# Adaptive Traffic Processing for High-Speed Networks

Lukáš Kekely, Viktor Puš, Jan Kořenek CESNET a.l.e. Zikova 4, Prague, Czech Republic Email: kekely,pus,korenek@cesnet.cz

Abstract—The raising speeds of computer networks combined with ever-increasing complexity of networking applications create a need for smarter ways of traffic processing acceleration. In this paper, we propose a novel concept of application-driven auto-adaptation mechanism to dynamically divide network traffic processing between CPU and hardware accelerator. Feasibility of proposed approach is demonstrated on the realization of practical flow monitoring application for high-speed networks.

## I. INTRODUCTION

The aim of our work is to use auto-adaptation to the actual characteristics of network traffic as part of hardware/software codesign concept enabling creation of effective packet processing systems. Our ultimate goal is to achieve improved performance as compared with CPU-only implementation and/or enhanced flexibility as compared with purely hardware (ASIC or FPGA) implementation.

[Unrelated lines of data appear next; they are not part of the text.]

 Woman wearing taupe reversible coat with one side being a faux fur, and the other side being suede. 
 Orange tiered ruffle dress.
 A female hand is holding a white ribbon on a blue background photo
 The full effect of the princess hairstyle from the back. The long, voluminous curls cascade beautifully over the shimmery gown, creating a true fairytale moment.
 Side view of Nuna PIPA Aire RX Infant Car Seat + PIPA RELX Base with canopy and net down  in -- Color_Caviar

From the architectural point of view, the packet processing system consists of: (1) a general CPU and (2) a hardware accelerator placed *before* it on the path of incoming packets. From the functional point of view, a packet processing is split into: (a) complex tasks performed by a software program running at CPU and (b) simpler operations offloadable into hardware accelerator. Such arrangement generates interesting problem of effective mapping of processing tasks (a) and (b) onto the computational resources (1) and (2) for different groups of packets, where auto-adaptation can prove beneficial.

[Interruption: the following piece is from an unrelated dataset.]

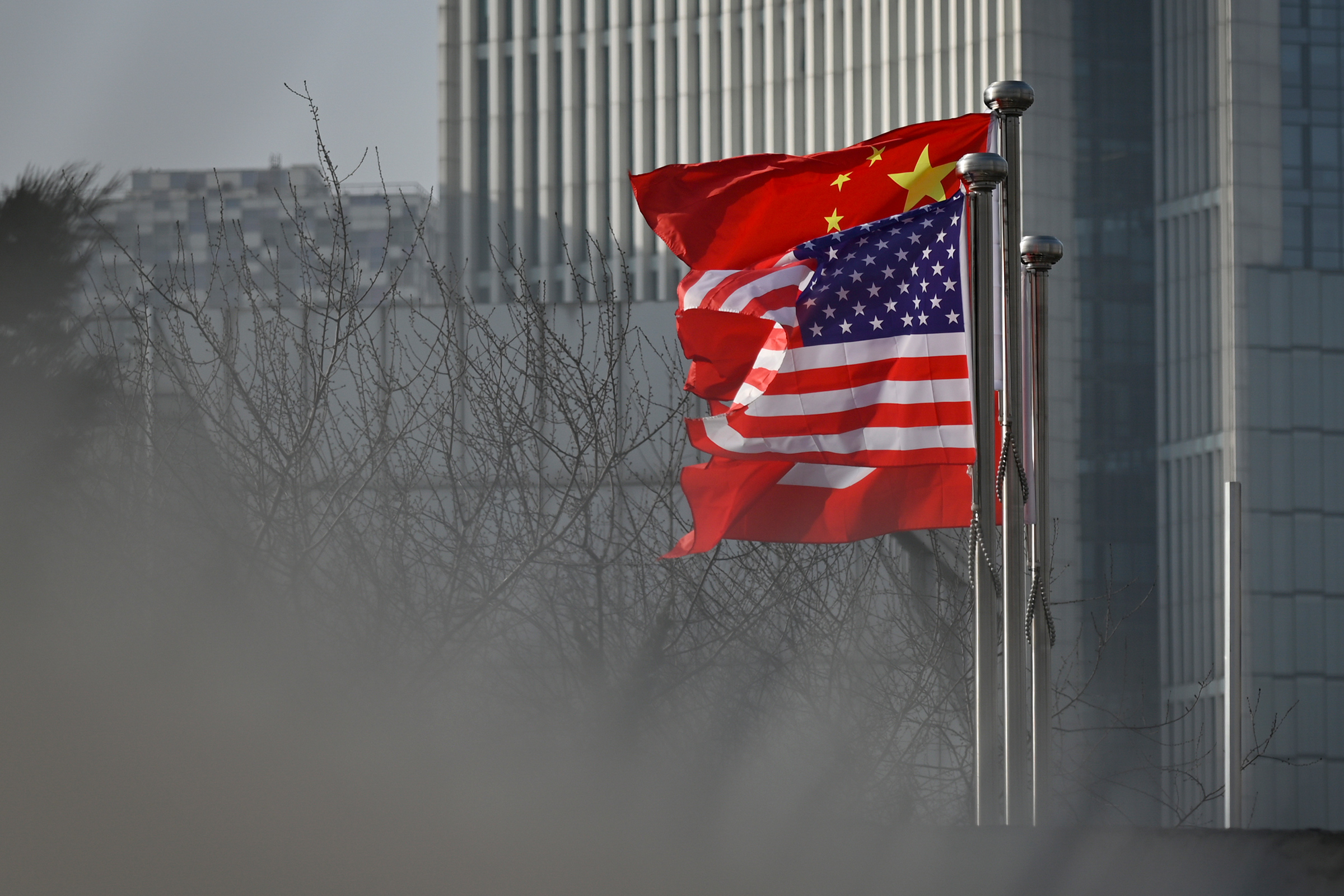 Chinese and U.S. national flags flutter at the entrance of an office building in Beijing on Jan. 19, 2020.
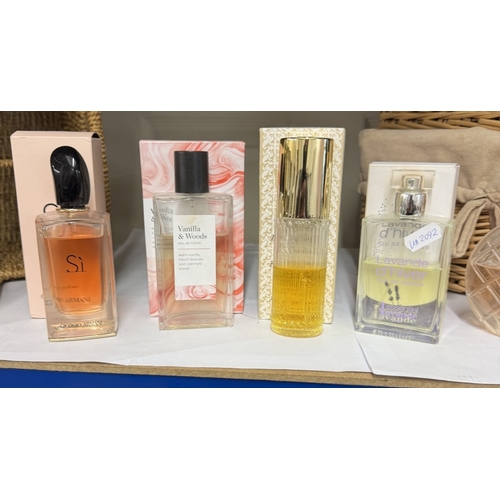 1045 - A wicker bottle basket & 1 other & a quantity of used & unused perfumes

Our concept supposes that the decision whether some portion of network traffic *should* be offloaded to the accelerator is non-trivial and therefore it must be done by the software program. Therefore, we introduce an adaptation feedback loop from the CPU to the accelerator and also all new unknown packets must be forwarded to the CPU. Once the software decides that the desired processing of a particular portion of network traffic can be offloaded to the accelerator, the feedback loop is used to adapt the behavior of accelerator accordingly. From that moment on, the CPU is spared the burden of processing that traffic portion, leaving more time for other tasks.

### **II. SYSTEM DESIGN**

Top-level scheme of the proposed system concept is shown in Fig. 1. Fast data path is shown as solid arrows, while the adaptation feedback loop is represented by dashed lines. The system is composed of two main parts: hardware accelerator and CPU, connected together through a data bus.

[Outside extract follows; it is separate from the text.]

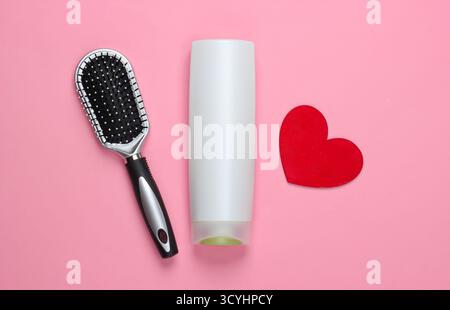 Bottiglia di shampoo, spazzola con cuori su sfondo rosa pastello. Bellezza e cura dei capelli. Vista dall'alto. Minimalismo Foto Stock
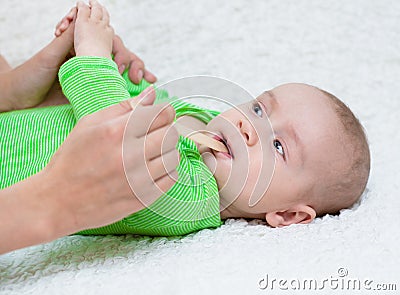 Pediatrician examines a newborn baby with a spatula Stock Photo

Fig. 1. Top-level view of proposed system concept

The modular architecture of hardware accelerator contains multiple processing offload modules which may be configured to perform various tasks. The distribution of packets among these modules is configurable as well. The software application plugins (App 1 to App M) perform advanced packet processing tasks and control the offloading of portions of traffic. Their decisions are forwarded to the controller, which aggregates them and adapts the accelerator behavior accordingly. The aggregation of offloading requests is done in a way ensuring that information requirements of all applications are satisfied, so no loss of interesting data occurs.

#### **III. EXPERIMENTAL RESULTS**

To prove the soundness of proposed approach, we have implemented a complete proof of concept prototype. Using the NFB-100G1 FPGA board [1] plugged into a commodity server, we have created an instance of our concept performing accelerated 100 Gbps network flow monitoring enhanced by software support of application layer (L7) processing. Conceptual scheme of the prototype is shown in Fig. 2.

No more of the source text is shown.